◆ WHAT IS NEEDED
Below are some entries. Transcribe the lines from the one holding "Arges Dolap 3" to the one holding "Cute Giraffe Boy", inclusive, but not the pictures among them.

◆ INPUT RECORDS
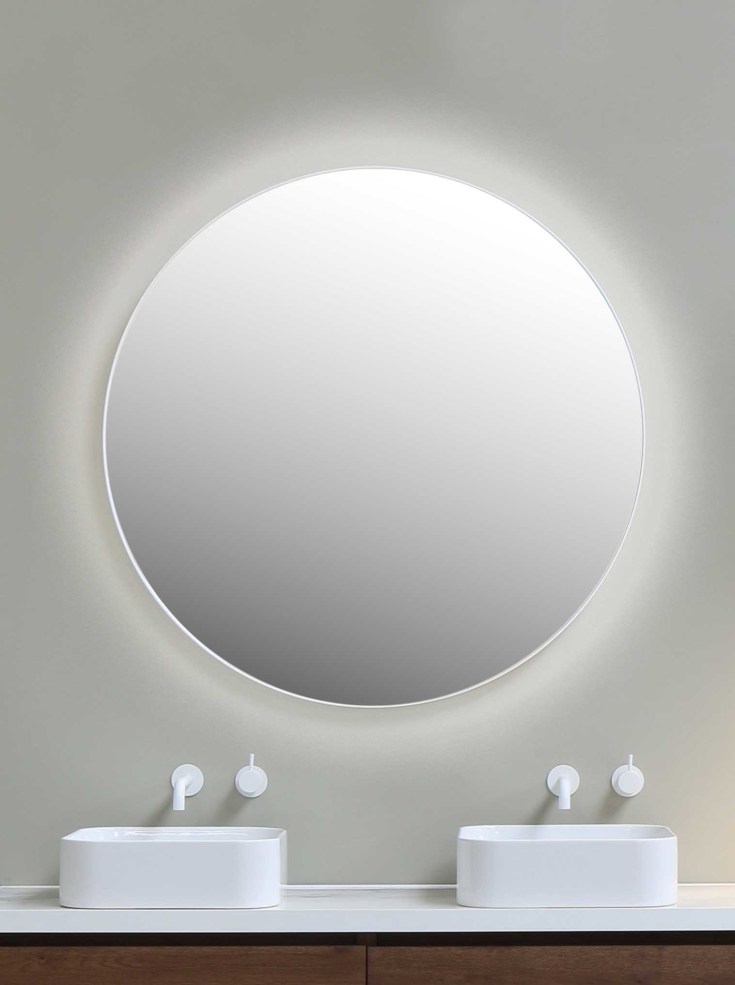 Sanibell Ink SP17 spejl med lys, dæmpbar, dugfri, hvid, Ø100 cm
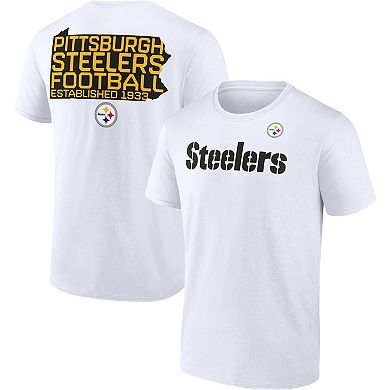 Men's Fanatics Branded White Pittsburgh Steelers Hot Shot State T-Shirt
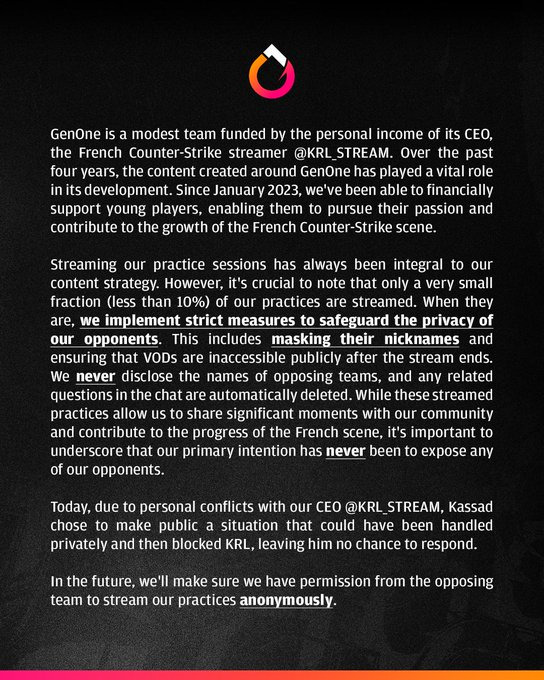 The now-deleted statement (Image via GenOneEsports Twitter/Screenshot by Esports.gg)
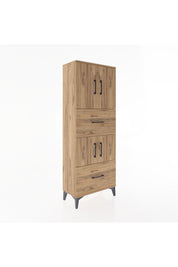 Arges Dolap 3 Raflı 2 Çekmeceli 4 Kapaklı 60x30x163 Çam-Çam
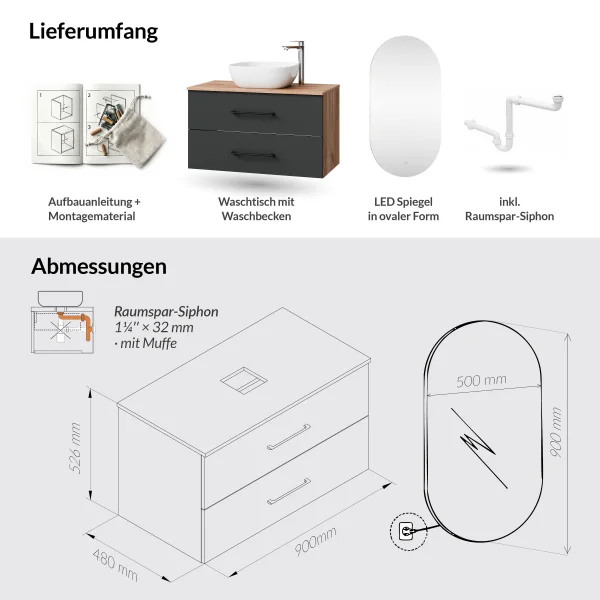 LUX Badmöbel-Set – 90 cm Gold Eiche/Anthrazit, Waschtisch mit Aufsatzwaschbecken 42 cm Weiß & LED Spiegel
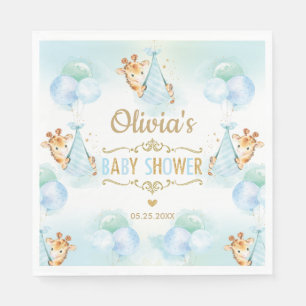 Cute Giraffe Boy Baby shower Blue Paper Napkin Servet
--
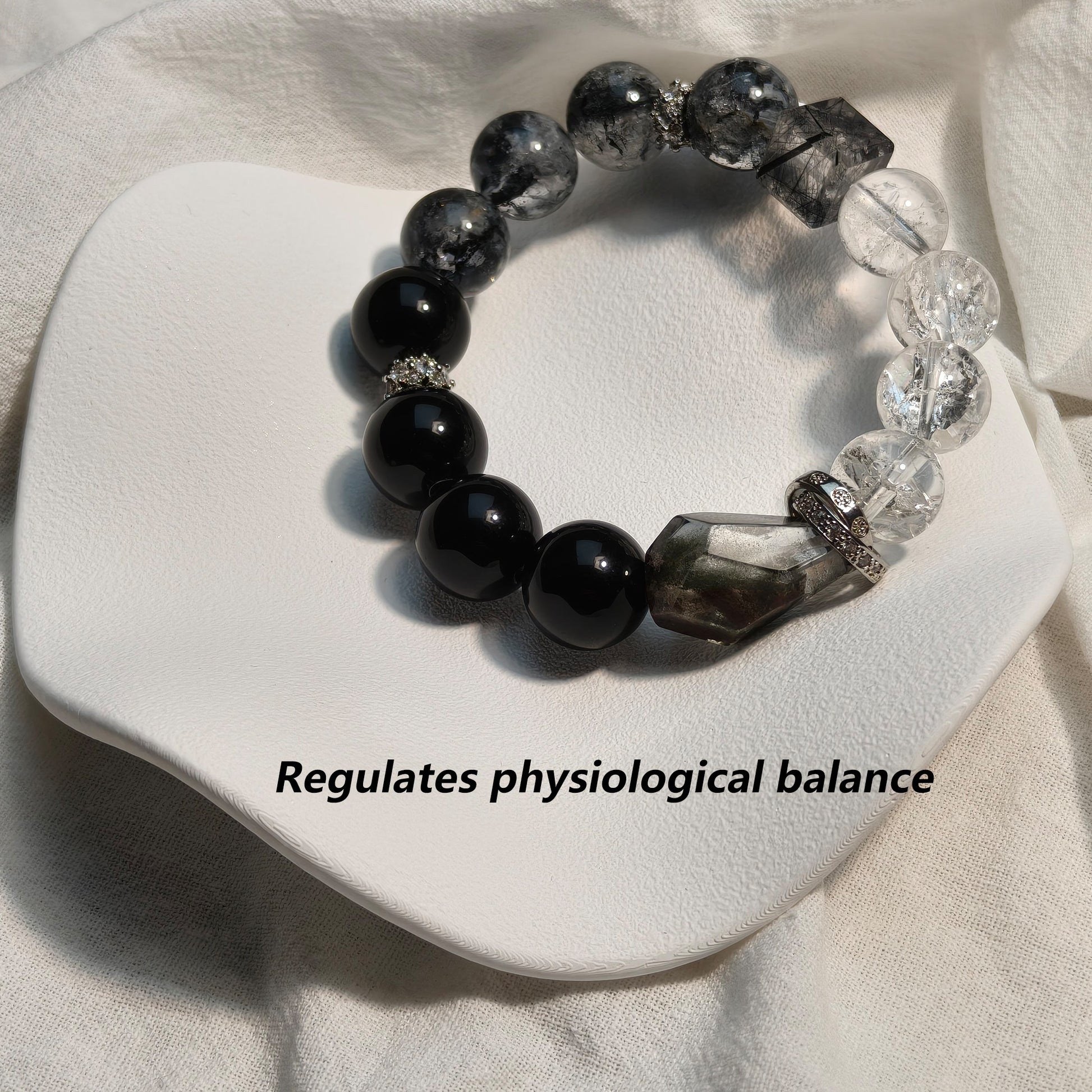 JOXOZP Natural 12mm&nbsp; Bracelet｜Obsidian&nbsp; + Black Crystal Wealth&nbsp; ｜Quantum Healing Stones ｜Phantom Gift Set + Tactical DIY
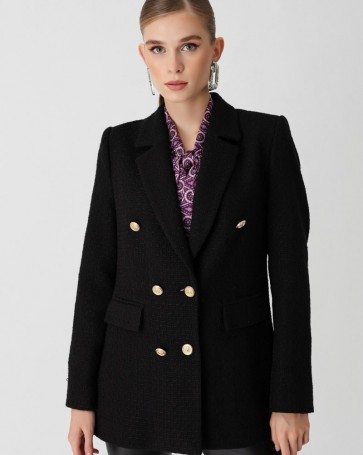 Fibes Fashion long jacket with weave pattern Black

◆ TASK RESULT
 Arges Dolap 3 Raflı 2 Çekmeceli 4 Kapaklı 60x30x163 Çam-Çam
 LUX Badmöbel-Set – 90 cm Gold Eiche/Anthrazit, Waschtisch mit Aufsatzwaschbecken 42 cm Weiß & LED Spiegel
 Cute Giraffe Boy Baby shower Blue Paper Napkin Servet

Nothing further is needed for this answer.